Megatron-LM relies on determinism in the training dataset classes to ensure that input tensors are initialized correctly across model-parallel ranks (see NeMo2 Parallelism). As a consequence, ensure that the new dataset classes preserve the required determinism. Common operations such as data augmentation and masking can cause dataset[i] to return random results for a given index, breaking this megatron contract.

Multi-Epoch Training

One training regime where this limitation is most apparent is multi-epoch training, where standard training recipes would apply different random masks or different data augmentation strategies each time the data is encountered. BioNeMo provides some utilities that make multi-epoch training easier, while obeying the determinism requirements of megatron.

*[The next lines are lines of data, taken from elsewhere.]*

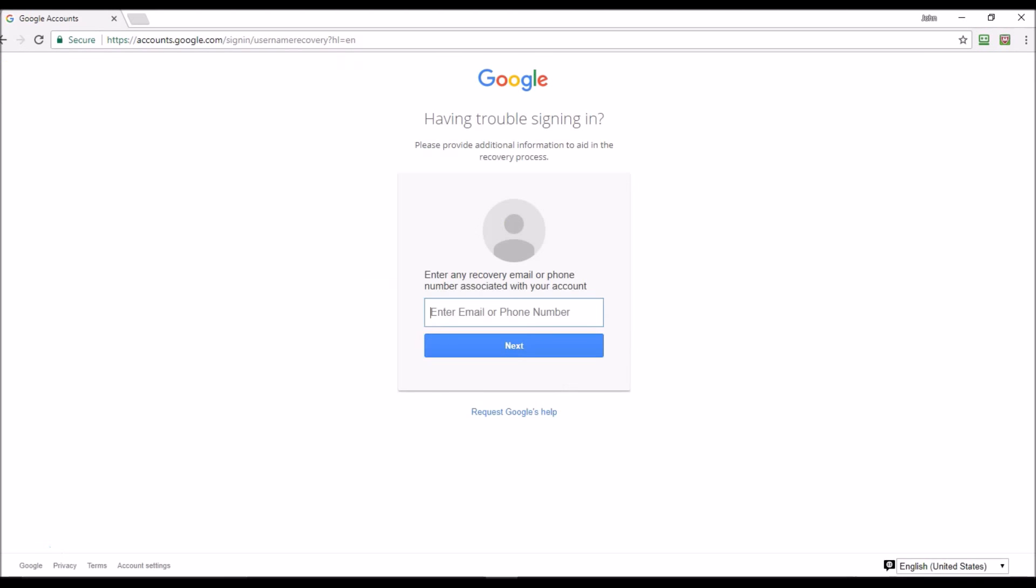What happens is you get a screen stating 'Having trouble signing in?' You can either enter an email or a phone number. Now I like putting the phone number in because I've tried both ways. For some reason I don't get all my email addresses when I put in the email. So I'm putting my phone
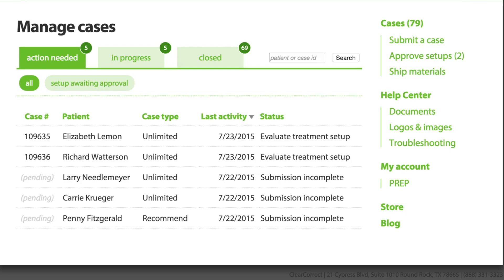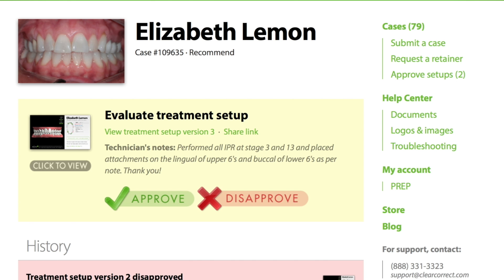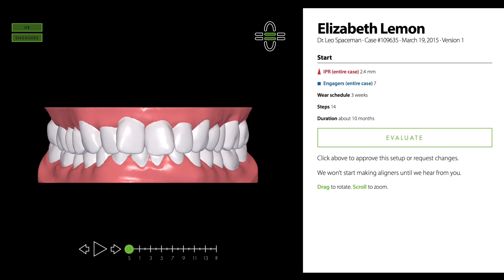Treatment setups appear in the case list on doctor.clearcorrect.com when they're ready for your review. Click a case in the list to visit its case page. You'll find the treatment setup near the top. Click the treatment setup icon to open the setup in your web browser.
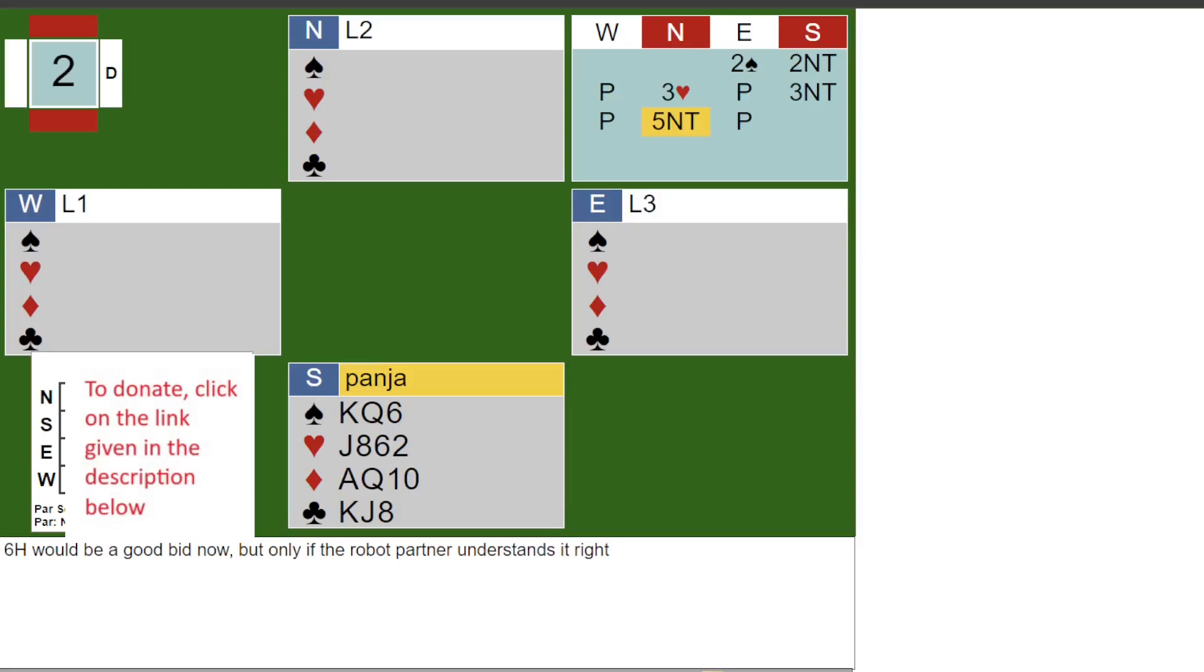East opened 2 spades. 2 no trump was a straightforward overcall here. North's 3 hearts is natural, 4 plus. 3 no trump might fail on a bad day but seems like a good option even with a 4-4 or 5-4 fit. So I rebid 3 no trump.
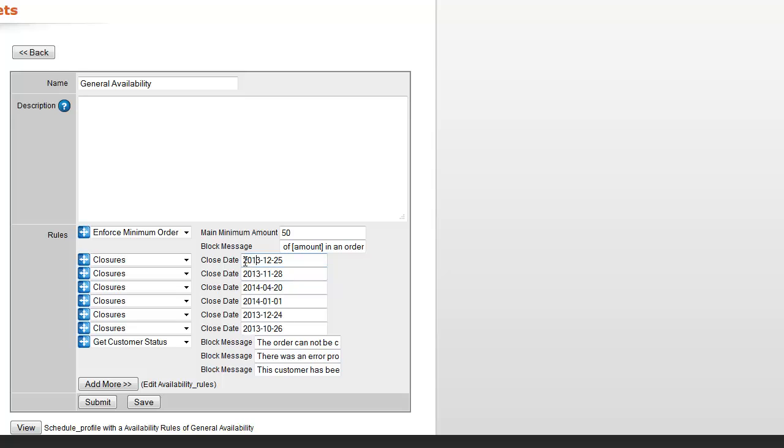...is this date format. So possibly by the time you see this video, we'll have a new calendar selector. But for right now, it needs to go year, month, and date in that order with a hyphen in between each one. And then click save. That's really all you need to do.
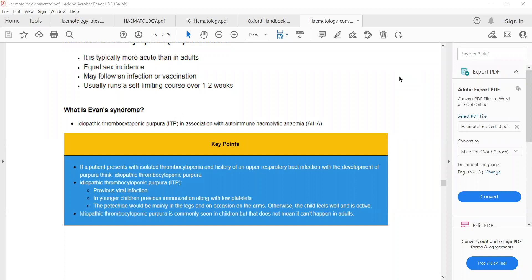If there is a deficiency of clotting factors, what will happen? The manifestation of deficiency of clotting factors is a deep bleed, such as bleeding into joints — hemarthrosis — and bleeding into muscles with formation of hematoma. If you see any of these two manifestations in a patient, you will suspect a clotting factor disorder such as hemophilia.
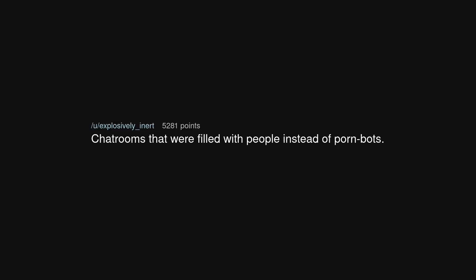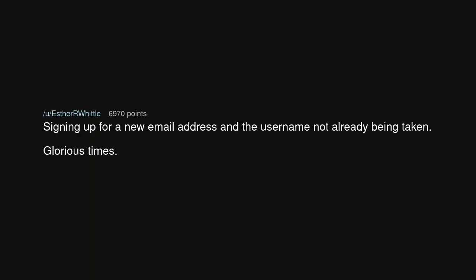Chat rooms that were filled with people instead of porn bots. Signing up for a new email address and the username not already being taken. Glorious times.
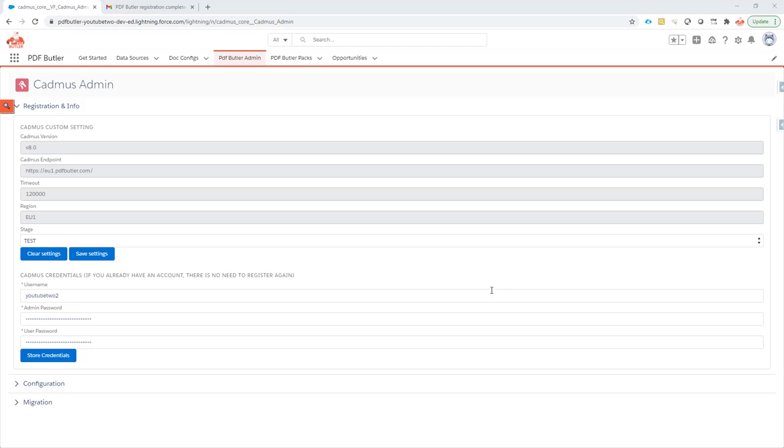Hi, in this video we'll show you how to install FormButler. FormButler is an add-on for PDFButler so it can just be installed as an add-on when you have PDFButler installed.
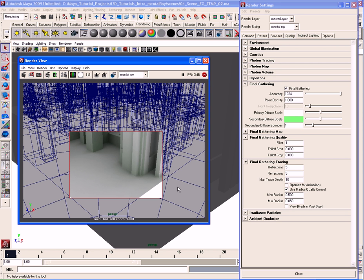That's going to do it for this video — we've covered a lot about final gathering settings. In the next video we'll go ahead and talk about the final gathering map parameters, how those work, and how they can help you with rendering out final gathering.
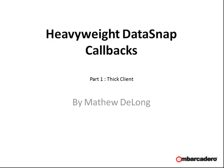Hello, I'm Matthew DeLong and I'm going to be showing you how to use heavyweight callbacks with Datasnap. This video is part one, which will deal with thick clients, and then you can watch part two which will show you how to use the heavyweight callbacks with thin clients using REST in a web browser.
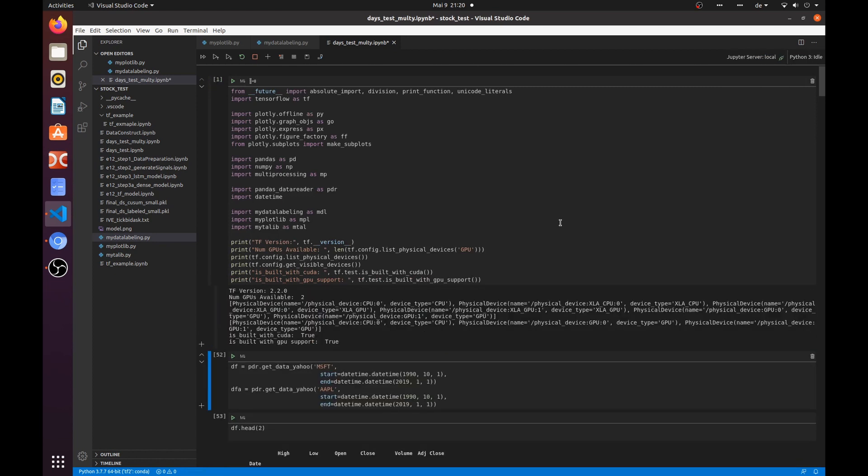And finally, TensorFlow can see our GPUs and can use them.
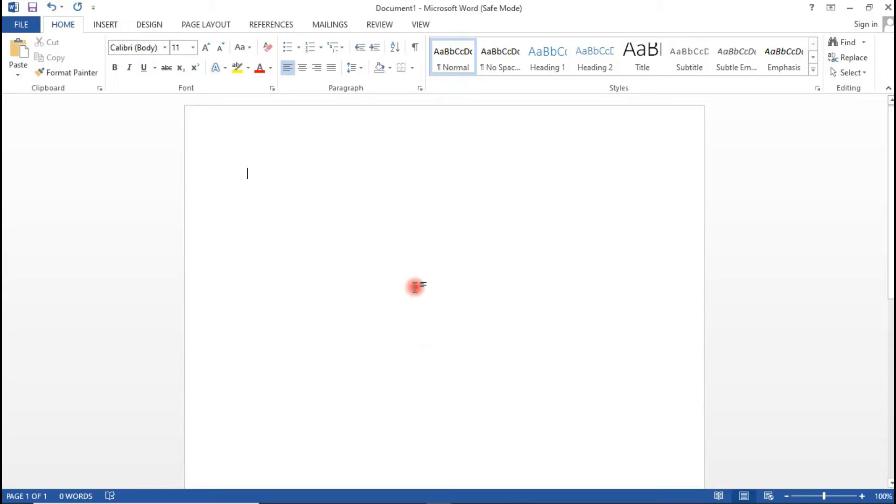So first of all you would want to open your Microsoft Word as I have just done in here.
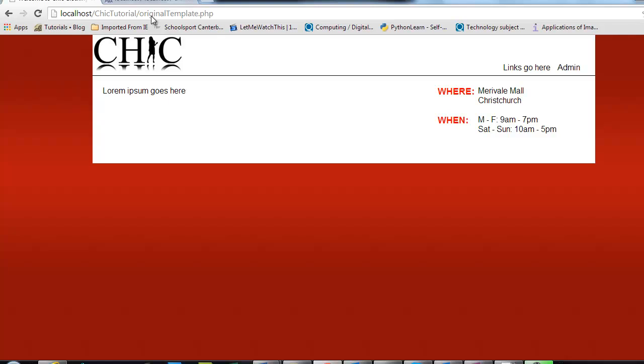So next time we are going to be doing just that. We'll be pulling down a list of the categories, and we'll be placing them in the navigation bar. I'll see you then!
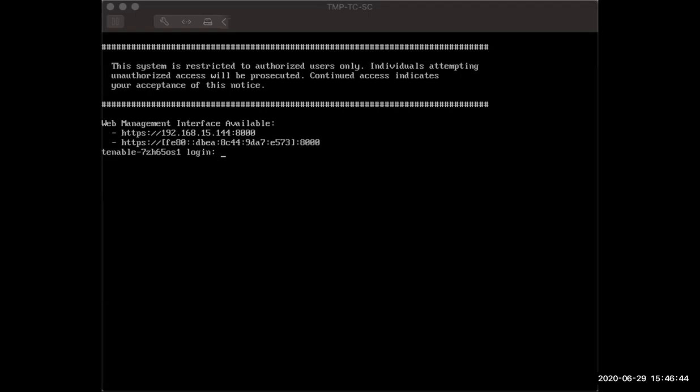Hello, I'm going to show you how to set up the Tenable Core appliance with Tenable SC. What you see here is after I started it up. When you first deploy it within VMware, whether that's ESXi or vSphere, wherever you can deploy the OVA,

The MultiEpochDatasetResampler class simplifies the process of multi-epoch training, where the data should both be re-shuffled each epoch with different random effects applied each time the data is seen. To be compatible with this resampler, the provided dataset class's __getitem__ method should accept a EpochIndex tuple that contains both an epoch and index value. Random effects can then be performed by setting the torch random seed based on the epoch value:

class MyDataset:
    def __getitem__(self, idx: EpochIndex):
        rng = torch.Generator()
        rng.manual_seed(idx.epoch)
        ...

Avoid torch.manual_seed

Megatron-LM handles torch seeding internally. Calling `torch.cuda.manual_seed` inside the user-provided dataset
can cause issues with model parallelism. See [megatron/core/tensor_parallel/random.py#L198-L199](
https://github.com/NVIDIA/Megatron-LM/blob/dddecd19/megatron/core/tensor_parallel/random.py#L198-L199) for more
details.

For deterministic datasets that still want to train for multiple epochs with epoch-level shuffling, the IdentityMultiEpochDatasetWrapper class can simplify this process by wrapping a dataset that accepts integer indices and passes along the EpochIndex index values from the resampled dataset.

class MyDeterministicDataset:
    def __getitem__(self, index: int): ...


dataset = IdentityMultiEpochDatasetWrapper(MyDeterministicDataset())
for sample in MultiEpochDatasetResampler(dataset, num_epochs=3, shuffle=True):
    ...

Training Resumption

To ensure identical behavior with and without job interruption, Megatron datamodules must manage sample-exact training resumption. When writing your own datamodule, preserve these constraints:

  • Persist enough dataloader state (e.g. the global step or sample index) so training resumes from the correct position rather than restarting from index 0.
  • Distinguish between train, validation, and test dataloaders explicitly. Only the training dataloader should resume from a saved sample index — validation and test dataloaders should always start from the beginning.
  • Update the global step immediately before returning each dataloader so the resume position is accurate.

See the evo2_megatron and eden_megatron recipes in bionemo-recipes for working examples of Megatron datamodule implementations with training resumption.

Testing Datasets for Megatron Compatibility

The key invariant for Megatron-compatible datasets is determinism: repeated calls with the same index must yield the same sample. When writing tests for your dataset, confirm that:

  • Repeated indexing with the same index returns identical results.
  • Epoch-aware randomization is driven only by the epoch component of the index (via a local torch.Generator, not the global seed).
  • torch.manual_seed is not called inside dataset __getitem__ paths, as Megatron-LM manages torch seeding internally for model parallelism.

Recipe-local tests in bionemo-recipes (e.g. in the evo2_megatron recipe) are the best reference for how to validate these assumptions.